DATA SHOWN:
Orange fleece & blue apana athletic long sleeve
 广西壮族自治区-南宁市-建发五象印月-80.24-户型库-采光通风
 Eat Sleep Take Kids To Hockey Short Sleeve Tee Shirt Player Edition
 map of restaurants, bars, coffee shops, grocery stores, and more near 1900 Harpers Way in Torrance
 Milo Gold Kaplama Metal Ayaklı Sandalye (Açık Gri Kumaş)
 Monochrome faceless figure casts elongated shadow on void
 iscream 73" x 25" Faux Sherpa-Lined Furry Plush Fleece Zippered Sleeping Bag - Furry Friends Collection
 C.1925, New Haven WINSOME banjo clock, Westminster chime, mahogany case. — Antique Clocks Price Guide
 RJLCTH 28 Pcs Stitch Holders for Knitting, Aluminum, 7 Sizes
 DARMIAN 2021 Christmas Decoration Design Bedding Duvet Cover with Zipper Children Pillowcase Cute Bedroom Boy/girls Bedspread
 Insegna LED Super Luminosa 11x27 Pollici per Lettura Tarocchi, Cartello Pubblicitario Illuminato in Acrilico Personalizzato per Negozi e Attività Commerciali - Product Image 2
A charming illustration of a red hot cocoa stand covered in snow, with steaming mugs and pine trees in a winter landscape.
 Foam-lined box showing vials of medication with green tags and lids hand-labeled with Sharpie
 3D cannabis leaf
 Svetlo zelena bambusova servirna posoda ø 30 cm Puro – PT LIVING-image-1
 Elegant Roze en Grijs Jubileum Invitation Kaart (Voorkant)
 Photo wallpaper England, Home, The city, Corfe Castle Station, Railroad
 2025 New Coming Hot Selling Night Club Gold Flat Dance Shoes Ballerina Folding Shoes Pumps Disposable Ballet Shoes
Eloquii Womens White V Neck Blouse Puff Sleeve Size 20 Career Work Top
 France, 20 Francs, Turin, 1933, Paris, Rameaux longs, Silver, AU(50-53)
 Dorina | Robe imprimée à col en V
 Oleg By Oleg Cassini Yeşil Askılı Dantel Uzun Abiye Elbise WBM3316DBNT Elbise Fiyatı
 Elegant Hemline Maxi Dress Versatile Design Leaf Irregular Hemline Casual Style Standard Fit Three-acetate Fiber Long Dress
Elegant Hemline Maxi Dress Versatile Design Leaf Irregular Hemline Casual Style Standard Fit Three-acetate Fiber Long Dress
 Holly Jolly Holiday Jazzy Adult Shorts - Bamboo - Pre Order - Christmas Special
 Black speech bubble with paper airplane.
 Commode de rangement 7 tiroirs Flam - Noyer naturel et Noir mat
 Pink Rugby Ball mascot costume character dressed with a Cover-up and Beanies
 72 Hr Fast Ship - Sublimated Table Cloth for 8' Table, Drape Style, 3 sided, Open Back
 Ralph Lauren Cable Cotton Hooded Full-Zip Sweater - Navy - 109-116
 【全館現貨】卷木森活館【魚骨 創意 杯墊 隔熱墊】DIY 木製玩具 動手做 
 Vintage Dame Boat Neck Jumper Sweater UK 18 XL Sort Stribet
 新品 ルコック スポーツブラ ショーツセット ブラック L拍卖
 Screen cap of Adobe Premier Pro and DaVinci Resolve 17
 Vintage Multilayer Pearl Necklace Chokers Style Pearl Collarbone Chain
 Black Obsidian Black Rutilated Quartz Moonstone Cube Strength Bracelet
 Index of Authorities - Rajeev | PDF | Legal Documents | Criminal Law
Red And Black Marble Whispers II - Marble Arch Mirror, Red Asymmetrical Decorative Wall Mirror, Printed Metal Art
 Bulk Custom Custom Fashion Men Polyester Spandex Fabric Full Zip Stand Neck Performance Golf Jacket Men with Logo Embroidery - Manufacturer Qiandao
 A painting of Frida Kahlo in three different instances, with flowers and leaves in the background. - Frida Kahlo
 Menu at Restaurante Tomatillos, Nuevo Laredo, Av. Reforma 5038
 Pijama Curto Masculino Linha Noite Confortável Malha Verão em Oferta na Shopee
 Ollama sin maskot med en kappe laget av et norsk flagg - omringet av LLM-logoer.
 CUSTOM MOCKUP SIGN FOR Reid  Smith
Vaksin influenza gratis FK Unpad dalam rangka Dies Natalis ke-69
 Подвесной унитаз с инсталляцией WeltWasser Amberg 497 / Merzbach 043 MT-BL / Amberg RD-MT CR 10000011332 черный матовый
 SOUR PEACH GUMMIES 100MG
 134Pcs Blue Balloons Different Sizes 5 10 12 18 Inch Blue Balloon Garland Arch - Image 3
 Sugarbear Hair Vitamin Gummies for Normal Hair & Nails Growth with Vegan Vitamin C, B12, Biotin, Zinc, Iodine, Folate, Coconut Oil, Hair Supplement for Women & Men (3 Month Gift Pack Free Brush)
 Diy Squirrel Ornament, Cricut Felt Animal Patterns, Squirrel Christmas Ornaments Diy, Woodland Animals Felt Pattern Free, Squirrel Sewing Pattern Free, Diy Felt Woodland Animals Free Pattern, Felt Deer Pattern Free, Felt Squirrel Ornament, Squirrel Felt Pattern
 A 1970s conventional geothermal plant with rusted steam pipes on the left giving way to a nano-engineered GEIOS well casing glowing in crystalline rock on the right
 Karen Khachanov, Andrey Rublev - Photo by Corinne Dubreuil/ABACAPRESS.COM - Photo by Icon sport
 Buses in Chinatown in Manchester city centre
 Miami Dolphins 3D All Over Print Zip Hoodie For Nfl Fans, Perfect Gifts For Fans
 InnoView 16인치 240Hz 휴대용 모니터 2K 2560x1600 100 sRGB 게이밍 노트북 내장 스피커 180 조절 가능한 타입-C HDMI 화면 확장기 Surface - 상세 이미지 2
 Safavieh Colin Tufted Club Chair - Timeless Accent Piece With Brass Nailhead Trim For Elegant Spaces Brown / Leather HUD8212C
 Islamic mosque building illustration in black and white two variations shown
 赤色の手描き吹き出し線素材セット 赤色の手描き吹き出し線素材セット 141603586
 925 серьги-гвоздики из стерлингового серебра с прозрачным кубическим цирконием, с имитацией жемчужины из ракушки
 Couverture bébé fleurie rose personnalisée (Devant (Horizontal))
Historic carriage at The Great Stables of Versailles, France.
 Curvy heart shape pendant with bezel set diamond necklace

EXERCISE OBJECTIVE:
Output all of the records exactly, with nothing omitted.

ANSWER BOX:
Orange fleece & blue apana athletic long sleeve
 广西壮族自治区-南宁市-建发五象印月-80.24-户型库-采光通风
 Eat Sleep Take Kids To Hockey Short Sleeve Tee Shirt Player Edition
 map of restaurants, bars, coffee shops, grocery stores, and more near 1900 Harpers Way in Torrance
 Milo Gold Kaplama Metal Ayaklı Sandalye (Açık Gri Kumaş)
 Monochrome faceless figure casts elongated shadow on void
 iscream 73" x 25" Faux Sherpa-Lined Furry Plush Fleece Zippered Sleeping Bag - Furry Friends Collection
 C.1925, New Haven WINSOME banjo clock, Westminster chime, mahogany case. — Antique Clocks Price Guide
 RJLCTH 28 Pcs Stitch Holders for Knitting, Aluminum, 7 Sizes
 DARMIAN 2021 Christmas Decoration Design Bedding Duvet Cover with Zipper Children Pillowcase Cute Bedroom Boy/girls Bedspread
 Insegna LED Super Luminosa 11x27 Pollici per Lettura Tarocchi, Cartello Pubblicitario Illuminato in Acrilico Personalizzato per Negozi e Attività Commerciali - Product Image 2
A charming illustration of a red hot cocoa stand covered in snow, with steaming mugs and pine trees in a winter landscape.
 Foam-lined box showing vials of medication with green tags and lids hand-labeled with Sharpie
 3D cannabis leaf
 Svetlo zelena bambusova servirna posoda ø 30 cm Puro – PT LIVING-image-1
 Elegant Roze en Grijs Jubileum Invitation Kaart (Voorkant)
 Photo wallpaper England, Home, The city, Corfe Castle Station, Railroad
 2025 New Coming Hot Selling Night Club Gold Flat Dance Shoes Ballerina Folding Shoes Pumps Disposable Ballet Shoes
Eloquii Womens White V Neck Blouse Puff Sleeve Size 20 Career Work Top
 France, 20 Francs, Turin, 1933, Paris, Rameaux longs, Silver, AU(50-53)
 Dorina | Robe imprimée à col en V
 Oleg By Oleg Cassini Yeşil Askılı Dantel Uzun Abiye Elbise WBM3316DBNT Elbise Fiyatı
 Elegant Hemline Maxi Dress Versatile Design Leaf Irregular Hemline Casual Style Standard Fit Three-acetate Fiber Long Dress
Elegant Hemline Maxi Dress Versatile Design Leaf Irregular Hemline Casual Style Standard Fit Three-acetate Fiber Long Dress
 Holly Jolly Holiday Jazzy Adult Shorts - Bamboo - Pre Order - Christmas Special
 Black speech bubble with paper airplane.
 Commode de rangement 7 tiroirs Flam - Noyer naturel et Noir mat
 Pink Rugby Ball mascot costume character dressed with a Cover-up and Beanies
 72 Hr Fast Ship - Sublimated Table Cloth for 8' Table, Drape Style, 3 sided, Open Back
 Ralph Lauren Cable Cotton Hooded Full-Zip Sweater - Navy - 109-116
 【全館現貨】卷木森活館【魚骨 創意 杯墊 隔熱墊】DIY 木製玩具 動手做 
 Vintage Dame Boat Neck Jumper Sweater UK 18 XL Sort Stribet
 新品 ルコック スポーツブラ ショーツセット ブラック L拍卖
 Screen cap of Adobe Premier Pro and DaVinci Resolve 17
 Vintage Multilayer Pearl Necklace Chokers Style Pearl Collarbone Chain
 Black Obsidian Black Rutilated Quartz Moonstone Cube Strength Bracelet
 Index of Authorities - Rajeev | PDF | Legal Documents | Criminal Law
Red And Black Marble Whispers II - Marble Arch Mirror, Red Asymmetrical Decorative Wall Mirror, Printed Metal Art
 Bulk Custom Custom Fashion Men Polyester Spandex Fabric Full Zip Stand Neck Performance Golf Jacket Men with Logo Embroidery - Manufacturer Qiandao
 A painting of Frida Kahlo in three different instances, with flowers and leaves in the background. - Frida Kahlo
 Menu at Restaurante Tomatillos, Nuevo Laredo, Av. Reforma 5038
 Pijama Curto Masculino Linha Noite Confortável Malha Verão em Oferta na Shopee
 Ollama sin maskot med en kappe laget av et norsk flagg - omringet av LLM-logoer.
 CUSTOM MOCKUP SIGN FOR Reid  Smith
Vaksin influenza gratis FK Unpad dalam rangka Dies Natalis ke-69
 Подвесной унитаз с инсталляцией WeltWasser Amberg 497 / Merzbach 043 MT-BL / Amberg RD-MT CR 10000011332 черный матовый
 SOUR PEACH GUMMIES 100MG
 134Pcs Blue Balloons Different Sizes 5 10 12 18 Inch Blue Balloon Garland Arch - Image 3
 Sugarbear Hair Vitamin Gummies for Normal Hair & Nails Growth with Vegan Vitamin C, B12, Biotin, Zinc, Iodine, Folate, Coconut Oil, Hair Supplement for Women & Men (3 Month Gift Pack Free Brush)
 Diy Squirrel Ornament, Cricut Felt Animal Patterns, Squirrel Christmas Ornaments Diy, Woodland Animals Felt Pattern Free, Squirrel Sewing Pattern Free, Diy Felt Woodland Animals Free Pattern, Felt Deer Pattern Free, Felt Squirrel Ornament, Squirrel Felt Pattern
 A 1970s conventional geothermal plant with rusted steam pipes on the left giving way to a nano-engineered GEIOS well casing glowing in crystalline rock on the right
 Karen Khachanov, Andrey Rublev - Photo by Corinne Dubreuil/ABACAPRESS.COM - Photo by Icon sport
 Buses in Chinatown in Manchester city centre
 Miami Dolphins 3D All Over Print Zip Hoodie For Nfl Fans, Perfect Gifts For Fans
 InnoView 16인치 240Hz 휴대용 모니터 2K 2560x1600 100 sRGB 게이밍 노트북 내장 스피커 180 조절 가능한 타입-C HDMI 화면 확장기 Surface - 상세 이미지 2
 Safavieh Colin Tufted Club Chair - Timeless Accent Piece With Brass Nailhead Trim For Elegant Spaces Brown / Leather HUD8212C
 Islamic mosque building illustration in black and white two variations shown
 赤色の手描き吹き出し線素材セット 赤色の手描き吹き出し線素材セット 141603586
 925 серьги-гвоздики из стерлингового серебра с прозрачным кубическим цирконием, с имитацией жемчужины из ракушки
 Couverture bébé fleurie rose personnalisée (Devant (Horizontal))
Historic carriage at The Great Stables of Versailles, France.
 Curvy heart shape pendant with bezel set diamond necklace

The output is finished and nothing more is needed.